= Railway electrification in France =

Map of railway electrification in France as of 2025.
Other versions of this map in medium and large formats.

There are 15,687 km of electrified railways in France, making up approximately 55% of the network in use.

For historical reason there are two norms of electrification that coexist in France: 1,500 V DC and 25 kV 50 Hz AC.

The electrification of the French railway network was made in four phases. First, at the start of the 20th century, there was a phase of testing and technological exploration. Third rails and overhead lines were on trial in some lines in France; different voltages were tried. Afterwards, in the 1920s, the main lines starting from Paris and lines in the Pyrenees were electrified with 1,500 V DC.

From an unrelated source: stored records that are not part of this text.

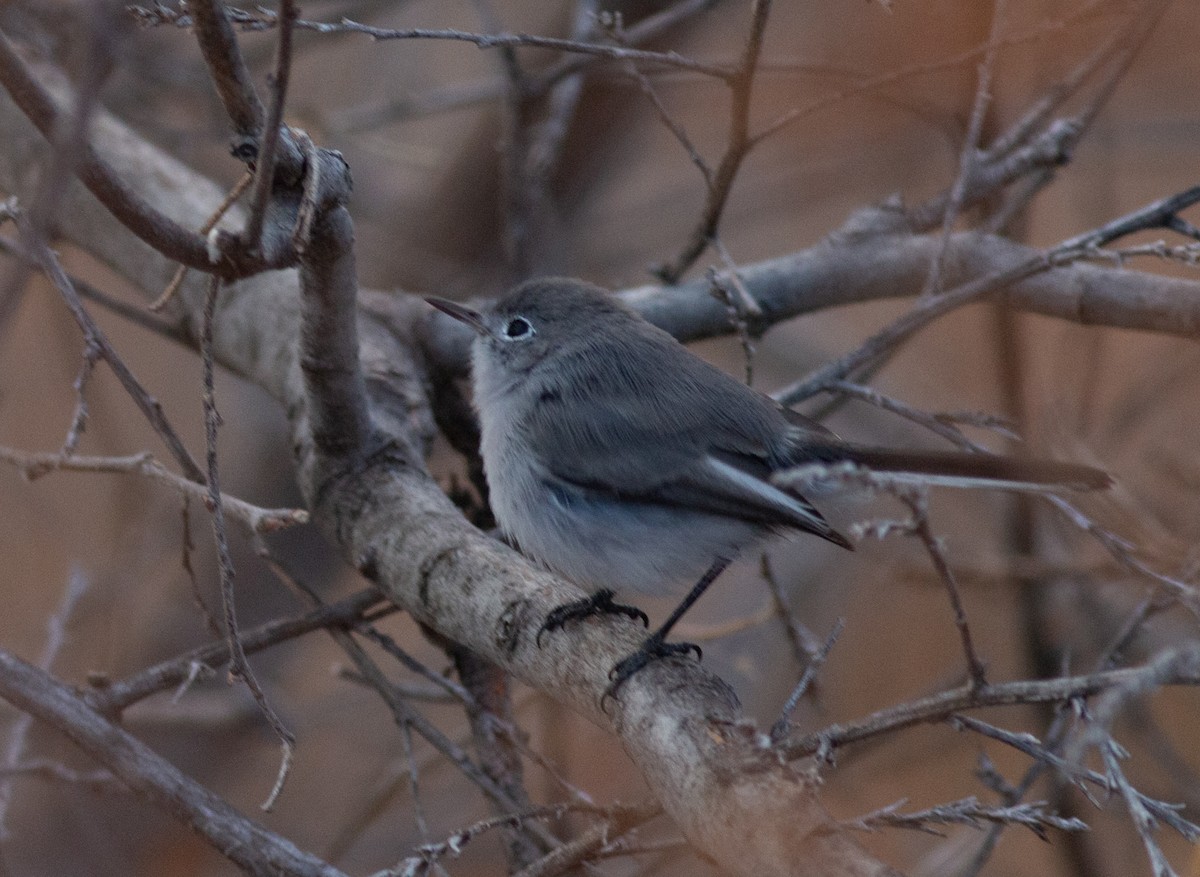 Blue-gray Gnatcatcher - ML645502502
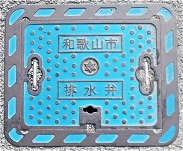 �a�̎R�s�r����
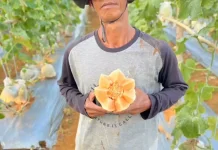 Desa Harapan Jaya Kembangkan Budidaya Melon Premium
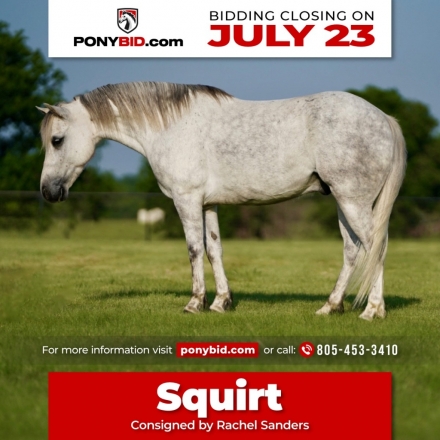 HorseID: 2261708 Squirt - PhotoID: 1029641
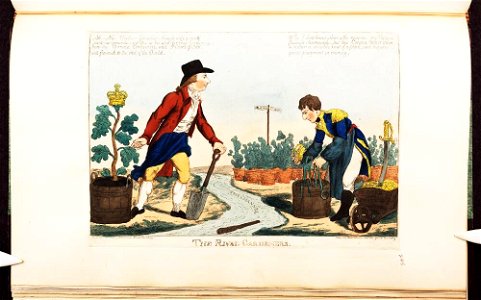 Bodleian Libraries, The rival gardeners. Free illustration for personal and commercial use.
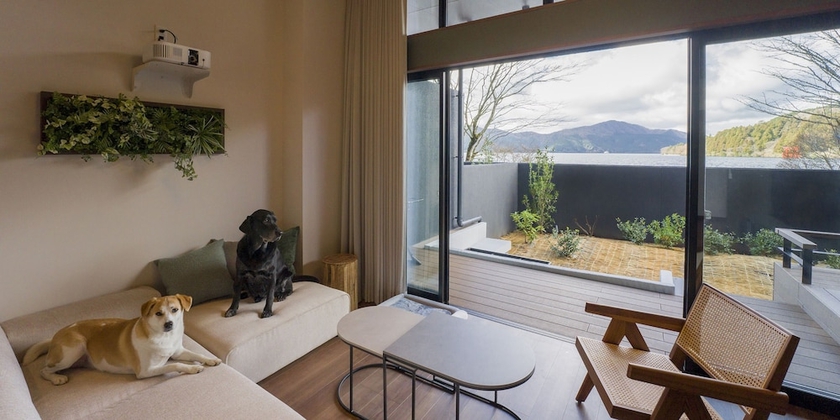 Imagen de la habitación del Hotel RakutenSTAY FUJIMITERRACE HakoneAshinoko. Foto 4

After World War II and with the improvements in power electronics, tests were made with 20 kV AC and subsequently with 25 kV AC in the Alps, which was considered satisfactory. Then the North and the East of France were electrified with 25 kV AC, and some lines were electrified with 1,500 V DC in the South. From the 1970s, the electrification of the French network has continued mainly with 25 kV to bring electrically powered TGVs to some cities.

The use of two norms of electrification was a huge problem for the SNCF up to the 1970s, because there was not much equipment able to run under both standards. Today, all electrical equipment ordered by the SNCF can use both 25 kV AC and 1,500 V DC.